==== Records provided ====

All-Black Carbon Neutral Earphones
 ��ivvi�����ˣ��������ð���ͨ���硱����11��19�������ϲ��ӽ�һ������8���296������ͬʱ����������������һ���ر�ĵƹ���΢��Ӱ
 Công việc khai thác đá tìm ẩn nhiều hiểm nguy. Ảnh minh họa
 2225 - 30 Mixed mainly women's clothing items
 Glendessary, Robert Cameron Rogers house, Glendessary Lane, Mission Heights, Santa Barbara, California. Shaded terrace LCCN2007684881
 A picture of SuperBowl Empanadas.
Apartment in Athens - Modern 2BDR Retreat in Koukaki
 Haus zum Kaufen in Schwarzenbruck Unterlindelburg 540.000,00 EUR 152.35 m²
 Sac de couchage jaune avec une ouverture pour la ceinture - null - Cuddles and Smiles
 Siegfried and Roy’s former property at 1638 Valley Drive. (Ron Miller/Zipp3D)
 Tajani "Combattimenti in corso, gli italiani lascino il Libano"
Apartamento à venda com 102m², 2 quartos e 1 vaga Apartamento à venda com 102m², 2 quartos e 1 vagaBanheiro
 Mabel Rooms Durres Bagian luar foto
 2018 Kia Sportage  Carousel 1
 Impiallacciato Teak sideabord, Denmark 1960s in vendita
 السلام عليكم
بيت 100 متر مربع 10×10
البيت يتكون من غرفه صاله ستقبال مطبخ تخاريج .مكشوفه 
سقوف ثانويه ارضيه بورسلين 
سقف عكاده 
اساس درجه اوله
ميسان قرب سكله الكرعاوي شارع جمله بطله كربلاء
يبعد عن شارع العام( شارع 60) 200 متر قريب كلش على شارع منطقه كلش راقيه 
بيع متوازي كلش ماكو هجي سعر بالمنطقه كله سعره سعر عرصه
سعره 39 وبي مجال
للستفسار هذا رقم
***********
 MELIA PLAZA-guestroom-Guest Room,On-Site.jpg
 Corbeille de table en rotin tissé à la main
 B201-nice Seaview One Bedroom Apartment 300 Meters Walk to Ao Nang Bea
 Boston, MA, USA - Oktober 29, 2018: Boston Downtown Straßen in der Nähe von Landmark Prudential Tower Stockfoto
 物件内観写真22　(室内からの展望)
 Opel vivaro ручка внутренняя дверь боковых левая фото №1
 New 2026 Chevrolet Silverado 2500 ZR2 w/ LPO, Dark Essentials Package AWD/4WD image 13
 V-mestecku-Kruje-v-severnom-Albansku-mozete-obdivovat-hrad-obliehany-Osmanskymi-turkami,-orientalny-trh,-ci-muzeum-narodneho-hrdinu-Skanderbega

====

▶ What is expected: All lines from the beginning of the material above through the one with "MELIA PLAZA-guestroom-Guest Room,On-Site.jpg" need to be returned exactly; please return those and only those.

▶ Solved problem:
All-Black Carbon Neutral Earphones
 ��ivvi�����ˣ��������ð���ͨ���硱����11��19�������ϲ��ӽ�һ������8���296������ͬʱ����������������һ���ر�ĵƹ���΢��Ӱ
 Công việc khai thác đá tìm ẩn nhiều hiểm nguy. Ảnh minh họa
 2225 - 30 Mixed mainly women's clothing items
 Glendessary, Robert Cameron Rogers house, Glendessary Lane, Mission Heights, Santa Barbara, California. Shaded terrace LCCN2007684881
 A picture of SuperBowl Empanadas.
Apartment in Athens - Modern 2BDR Retreat in Koukaki
 Haus zum Kaufen in Schwarzenbruck Unterlindelburg 540.000,00 EUR 152.35 m²
 Sac de couchage jaune avec une ouverture pour la ceinture - null - Cuddles and Smiles
 Siegfried and Roy’s former property at 1638 Valley Drive. (Ron Miller/Zipp3D)
 Tajani "Combattimenti in corso, gli italiani lascino il Libano"
Apartamento à venda com 102m², 2 quartos e 1 vaga Apartamento à venda com 102m², 2 quartos e 1 vagaBanheiro
 Mabel Rooms Durres Bagian luar foto
 2018 Kia Sportage  Carousel 1
 Impiallacciato Teak sideabord, Denmark 1960s in vendita
 السلام عليكم
بيت 100 متر مربع 10×10
البيت يتكون من غرفه صاله ستقبال مطبخ تخاريج .مكشوفه 
سقوف ثانويه ارضيه بورسلين 
سقف عكاده 
اساس درجه اوله
ميسان قرب سكله الكرعاوي شارع جمله بطله كربلاء
يبعد عن شارع العام( شارع 60) 200 متر قريب كلش على شارع منطقه كلش راقيه 
بيع متوازي كلش ماكو هجي سعر بالمنطقه كله سعره سعر عرصه
سعره 39 وبي مجال
للستفسار هذا رقم
***********
 MELIA PLAZA-guestroom-Guest Room,On-Site.jpg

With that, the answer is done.